Feature Responses¶
People love linear models for their explainability. Let’s take a look at the classic Titanic example, and say that th “Fare” feature has a coefficient of 0.1. The way it’s classically interpreted, that means that, holding all else equal, for every unit increase in fare, the person’s likelihood of surviving increased by 10%.
There are two important parts here: holding all else equal, and the response of the output variable to this feature.
These are things we can get from tree-based models as well.
Methodology¶
Getting feature responses from a tree-based model is pretty easy. First, we take a portion of our training dataset (10k rows, by default, though user-configurable). Then, for each column, we find that column’s standard deviation. Holding all else constant, we then increment all values in that column by one standard deviation. We get predictions for all rows, and compare them to our baseline predictions. The feature_response is how much the output predictions responded to this change in the feature. We repeat the process twice for each column, once incrementing by one std, and once decrementing by one std.
Output¶
The output is how much the output variable responded to these one std increments and decrements to each feature. The value we report is the average across all predictions. It is very literally, “holding all else constant, on average, how does the output respond to this change in a feature?”
CAVEATS!!¶
Tree-based models do not have linear relationships between features and the output variable. The relationships are more complex, which is why tree-based models can be more predictive. So even if we find that the average feature_response for an increase in fare is positive, that relationship may not hold for all passengers, and certainly not equally for all passengers. For instance, the model might have found a group of 1-st class passengers who paid a lot of money to be in cabins that were as isolated from the main deck as possible, and thus, were less likely to survive. So even though for 3rd class passengers, an increase in fare meant they were more likely to survive, the predictions for some 1-st class passengers may actually decrease as fare increases.
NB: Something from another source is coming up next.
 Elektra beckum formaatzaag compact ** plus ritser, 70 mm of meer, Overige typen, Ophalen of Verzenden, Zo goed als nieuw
Because of heteroskedasticity in the dataset, standard deviation might not be representative. Adding one std to every 3rd class passenger fare probably triples the cost of that ticket. But adding it to 1st Class passengers is a much more trivial percentage of their total fare.
Might lead to some unrealistic scenarios. Again, adding a std to 3rd class passengers probably makes most of them 2nd class passengers, but we’re still holding class constant for all of them.
Finally, this entire approach is relatively experimental, and is not based on any journal articles or previous proofs that I know of.